Goal of the exercise: Scan the data below and state the number of lines that include the word "Blick", adding no comment.

(Data entries)
※ ※ ※

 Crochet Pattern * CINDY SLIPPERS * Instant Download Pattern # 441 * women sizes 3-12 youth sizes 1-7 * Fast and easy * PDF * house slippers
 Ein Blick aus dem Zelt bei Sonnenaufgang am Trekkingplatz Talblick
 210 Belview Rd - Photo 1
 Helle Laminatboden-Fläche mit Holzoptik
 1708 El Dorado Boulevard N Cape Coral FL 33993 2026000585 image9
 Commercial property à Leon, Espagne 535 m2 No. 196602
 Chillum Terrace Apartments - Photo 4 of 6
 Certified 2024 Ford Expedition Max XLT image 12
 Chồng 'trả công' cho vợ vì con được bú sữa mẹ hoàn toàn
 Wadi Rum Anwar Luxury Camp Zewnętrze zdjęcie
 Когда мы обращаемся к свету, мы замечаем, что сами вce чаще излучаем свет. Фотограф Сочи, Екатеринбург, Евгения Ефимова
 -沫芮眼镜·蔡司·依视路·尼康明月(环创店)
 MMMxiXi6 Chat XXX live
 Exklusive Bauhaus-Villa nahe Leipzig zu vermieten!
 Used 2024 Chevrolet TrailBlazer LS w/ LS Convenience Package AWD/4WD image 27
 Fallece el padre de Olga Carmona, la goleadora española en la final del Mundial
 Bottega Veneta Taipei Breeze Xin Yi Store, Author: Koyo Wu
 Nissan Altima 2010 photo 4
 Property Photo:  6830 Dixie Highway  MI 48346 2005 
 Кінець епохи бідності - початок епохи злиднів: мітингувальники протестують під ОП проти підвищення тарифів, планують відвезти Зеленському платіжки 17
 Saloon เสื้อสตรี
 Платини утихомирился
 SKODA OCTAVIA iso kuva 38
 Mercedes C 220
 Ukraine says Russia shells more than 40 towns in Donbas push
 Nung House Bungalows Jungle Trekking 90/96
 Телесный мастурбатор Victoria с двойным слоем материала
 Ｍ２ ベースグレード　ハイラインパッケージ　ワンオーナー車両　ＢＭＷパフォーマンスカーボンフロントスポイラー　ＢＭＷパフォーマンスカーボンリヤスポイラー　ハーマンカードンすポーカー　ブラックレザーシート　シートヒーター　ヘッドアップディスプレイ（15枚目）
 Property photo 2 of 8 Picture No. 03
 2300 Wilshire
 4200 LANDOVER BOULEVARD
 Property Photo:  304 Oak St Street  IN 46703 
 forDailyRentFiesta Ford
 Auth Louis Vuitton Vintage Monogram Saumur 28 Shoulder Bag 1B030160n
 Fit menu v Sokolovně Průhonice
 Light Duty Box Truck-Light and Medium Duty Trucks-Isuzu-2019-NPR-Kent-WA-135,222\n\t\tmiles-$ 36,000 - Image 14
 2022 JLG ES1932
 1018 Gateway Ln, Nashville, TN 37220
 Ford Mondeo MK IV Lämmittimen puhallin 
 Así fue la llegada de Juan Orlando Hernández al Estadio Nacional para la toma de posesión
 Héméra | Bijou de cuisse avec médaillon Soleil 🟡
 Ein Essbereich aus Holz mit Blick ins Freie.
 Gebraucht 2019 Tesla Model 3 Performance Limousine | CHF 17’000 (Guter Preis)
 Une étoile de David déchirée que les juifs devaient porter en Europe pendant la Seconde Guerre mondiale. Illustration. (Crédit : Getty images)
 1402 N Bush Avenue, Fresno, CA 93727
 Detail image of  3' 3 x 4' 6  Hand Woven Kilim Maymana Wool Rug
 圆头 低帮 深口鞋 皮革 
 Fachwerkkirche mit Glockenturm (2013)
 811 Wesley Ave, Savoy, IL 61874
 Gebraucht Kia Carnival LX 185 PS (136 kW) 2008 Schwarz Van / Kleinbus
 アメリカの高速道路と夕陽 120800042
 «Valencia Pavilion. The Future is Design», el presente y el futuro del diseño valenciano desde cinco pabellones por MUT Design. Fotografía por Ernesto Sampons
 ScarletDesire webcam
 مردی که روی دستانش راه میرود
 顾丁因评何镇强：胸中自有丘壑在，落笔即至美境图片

※ ※ ※

Task output: 2